Dadocha Dam, proposed to be built near Sihala on the Kahuta road, would have solved the chronic water shortages of the twin cities. But it was not to be.
Knowing fully well that Pakistan hardly has any developmental budget after debt servicing and military spending, the dam is still just on papers.
Bahria town – DHA – Habib Rafique consortium proposed to build it in Rs 26 Billion, as a win-win for their DHA homes project and the twin cities population. Alas, our bureaucracy could never let go of their nuisance value.
Instead, our bureaucracy sabotaged the project citing to the Supreme Court, bloated land purchase cost by Bahria town management.
Now, we don’t have a residential colony; no roads leading into the dam site or connecting Kahuta road with GT road at Rawat; and also no water. Well done Babu Sahib.
Our bureaucracy is as unimaginative as a rock!
Now, in the next global-warming induced drought, we will expect our Prime Minister to thank ‘Allah for his bountiful rains’, instead of doing something about it.
Anyways, we went to the beautiful site from Rawat junction of GT road. After driving for one hour, we switched to off-roading in the last hour.
The topography of the land is unique, to say the least. Driving over high ridges, you get a view of the law of the land, sprawling with saffron fields and housing schemes.

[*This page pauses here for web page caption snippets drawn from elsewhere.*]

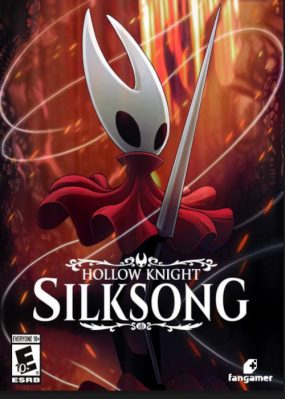 Hollow Knight: Silksong full crack [License]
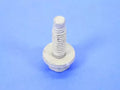 Mopar HEX HEAD SCREW 6104414AA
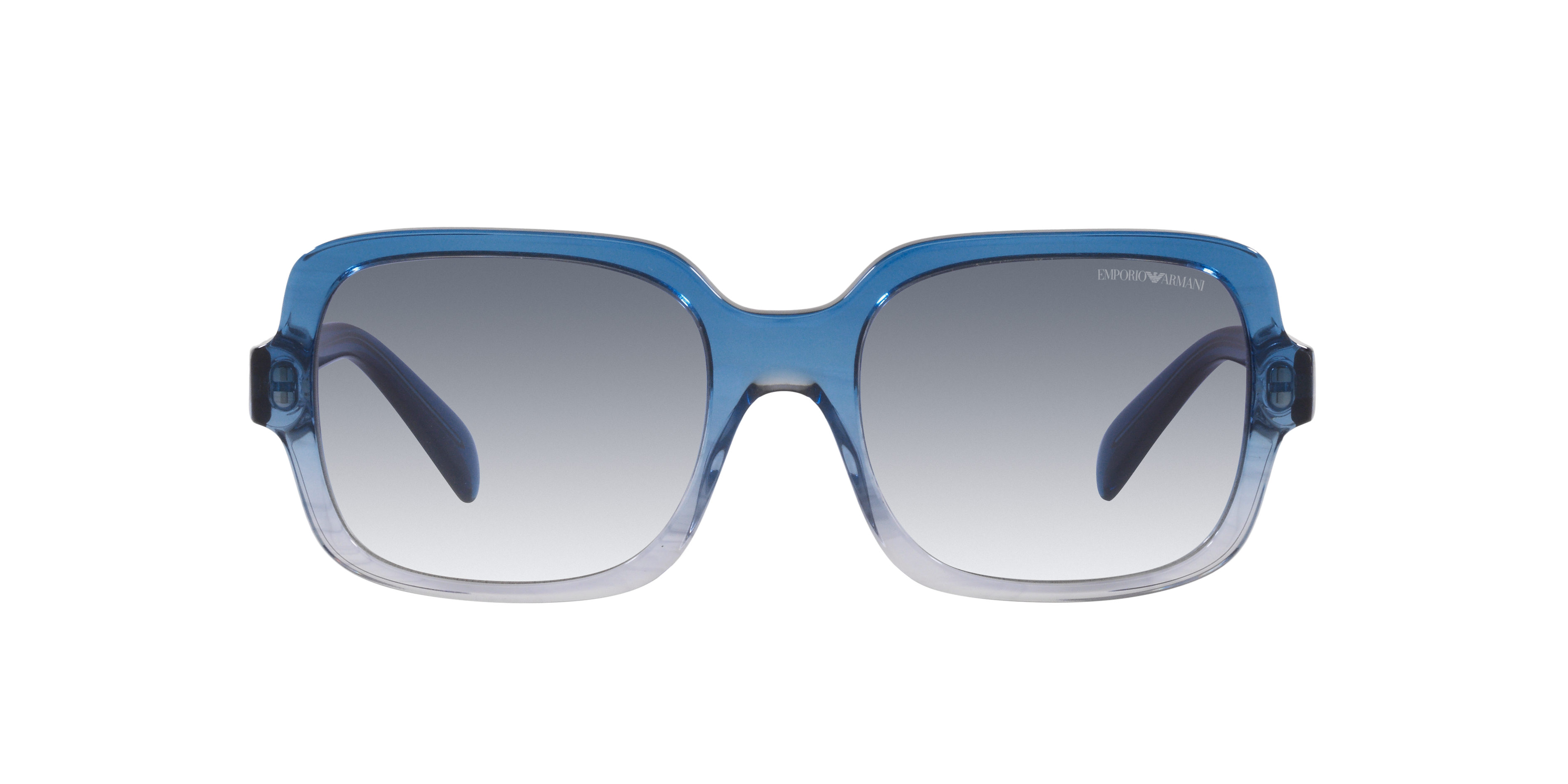 Emporio Armani EA4195 5965X0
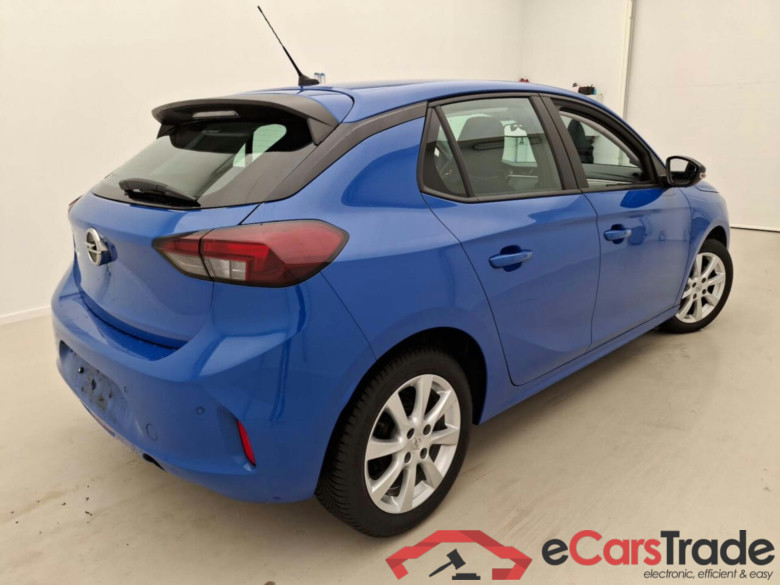 OPEL CORSA 1.2 START/STOP EDITION #2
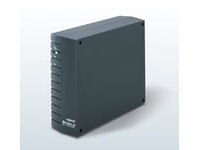 オムロン BX50LS 価格比較 - 価格.com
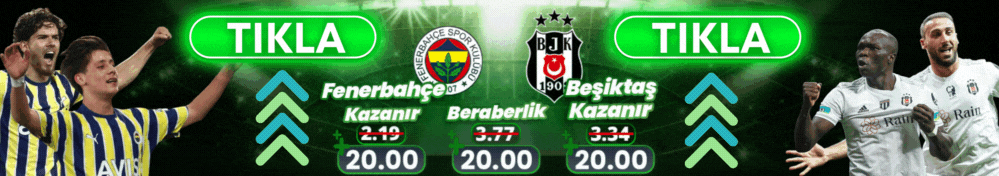 967Bets10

This area is Gakhar territory.
Reaching the site of the dam we found slow moving water a few feet deep. The people tell me this water gets dangerous in flash flood season, as evidenced by the washed away crossing bridge.
It was a piece of cake for my 4×4 to drive over the slow moving stream. I had to get out into the water to check out for crevasses.
Driving out the other side, we went towards Kahuta road and came out at Sihala town.
We had lunch at a driver hotel with tarkay wali daal, chapatti and doodh-patti Cha (tea). Dadocha Dam is a great site for a picnic in one of the several farm houses that are empty most of the times, except when the owners come to party on the weekends.